> [Records contained in a dataset]:
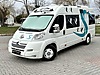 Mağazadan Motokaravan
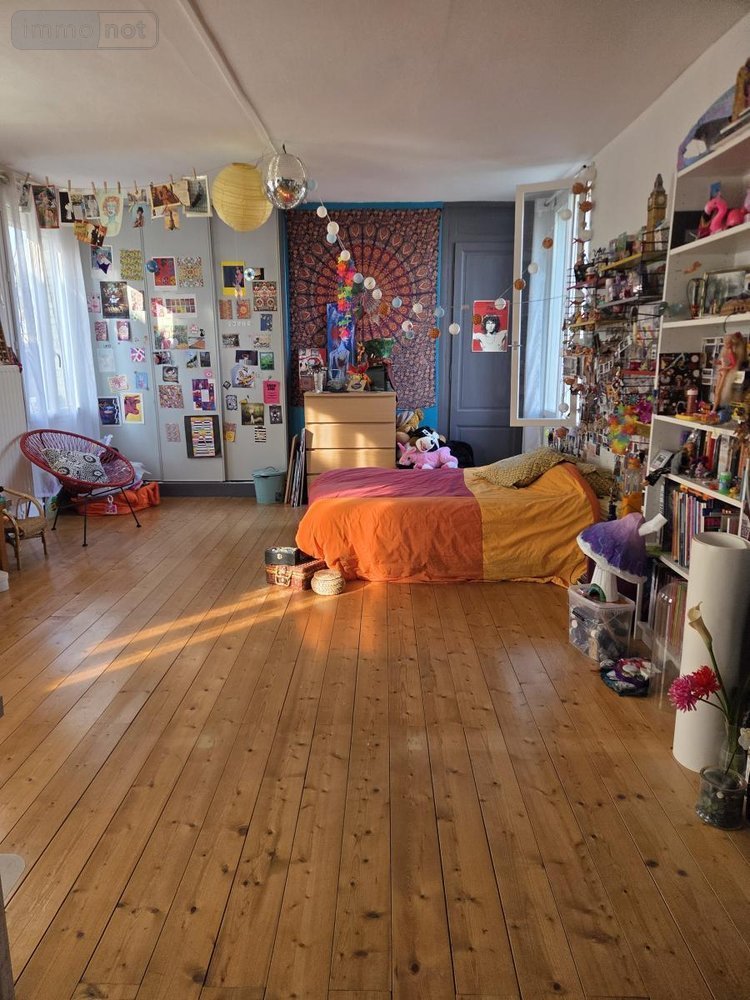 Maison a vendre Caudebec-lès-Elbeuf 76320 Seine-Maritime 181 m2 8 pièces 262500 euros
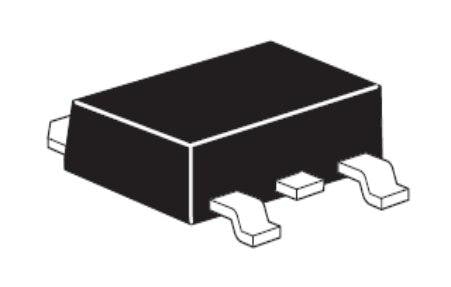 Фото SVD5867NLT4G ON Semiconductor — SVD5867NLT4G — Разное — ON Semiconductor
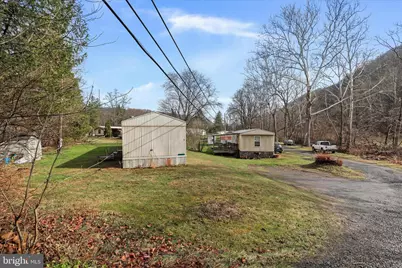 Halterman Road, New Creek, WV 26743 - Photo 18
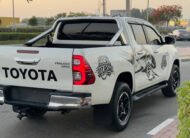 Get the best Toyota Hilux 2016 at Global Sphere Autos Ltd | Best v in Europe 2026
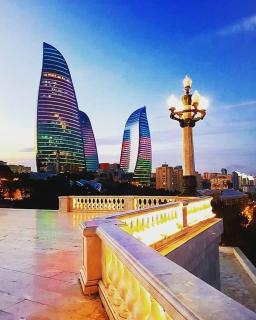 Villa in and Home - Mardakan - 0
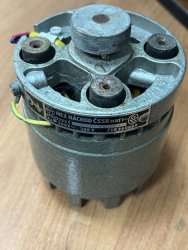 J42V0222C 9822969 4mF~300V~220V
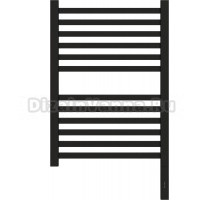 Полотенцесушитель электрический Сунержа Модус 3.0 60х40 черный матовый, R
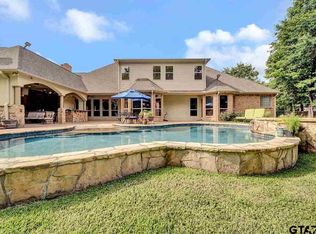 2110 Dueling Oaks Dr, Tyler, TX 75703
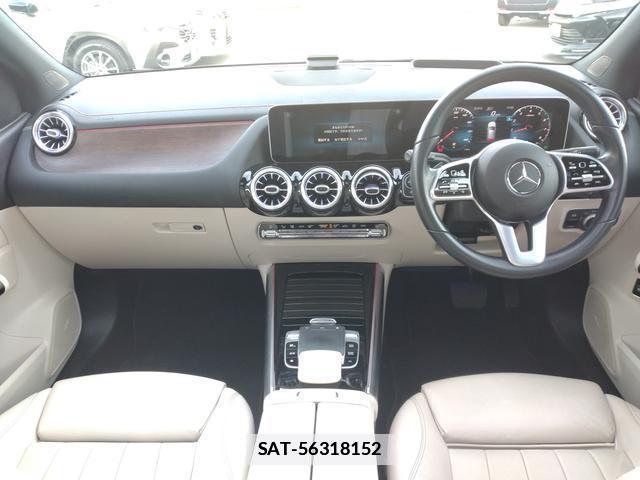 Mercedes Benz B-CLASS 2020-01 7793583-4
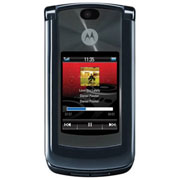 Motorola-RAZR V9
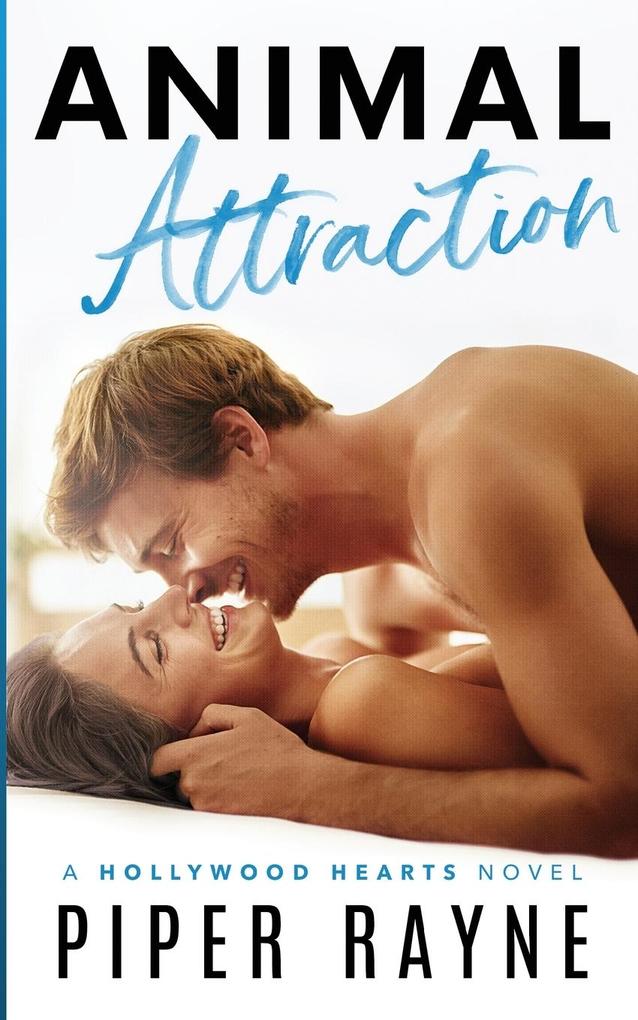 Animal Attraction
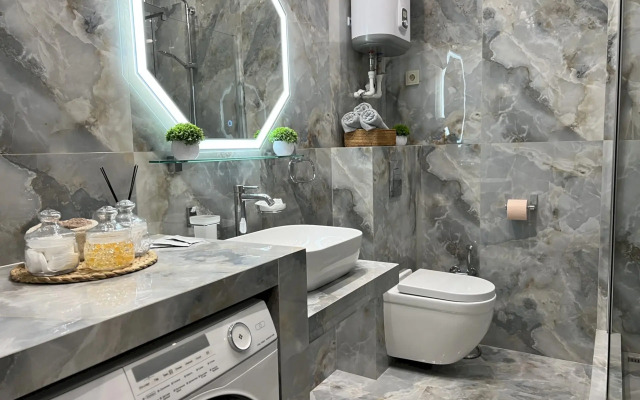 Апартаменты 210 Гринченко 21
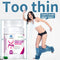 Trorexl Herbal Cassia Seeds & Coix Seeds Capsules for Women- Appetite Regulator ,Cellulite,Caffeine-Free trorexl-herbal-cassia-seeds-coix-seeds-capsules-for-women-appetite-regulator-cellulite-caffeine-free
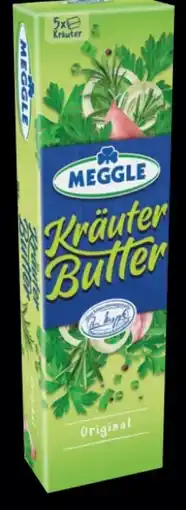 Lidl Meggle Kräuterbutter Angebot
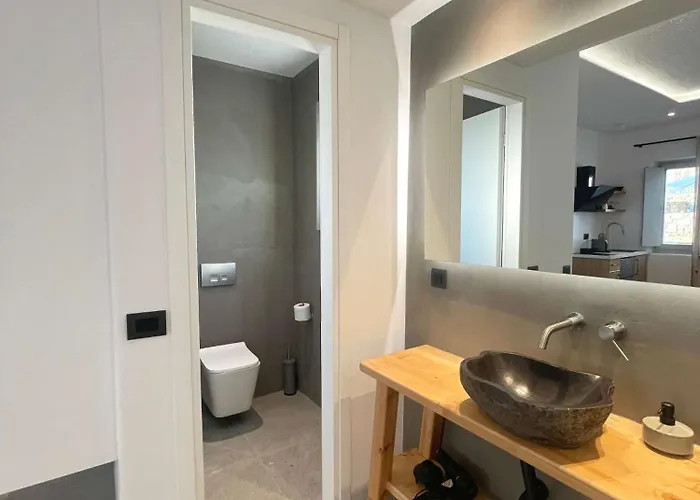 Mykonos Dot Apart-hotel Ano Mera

> [EXERCISE BRIEF]: Of the records above, print only the lines from the one containing "2110 Dueling Oaks Dr, Tyler, TX 75703" through the one containing "Апартаменты 210 Гринченко 21", inclusive and unaltered, leaving out pictures.

> [SOLUTION]:
 2110 Dueling Oaks Dr, Tyler, TX 75703
 Mercedes Benz B-CLASS 2020-01 7793583-4
 Motorola-RAZR V9
 Animal Attraction
 Апартаменты 210 Гринченко 21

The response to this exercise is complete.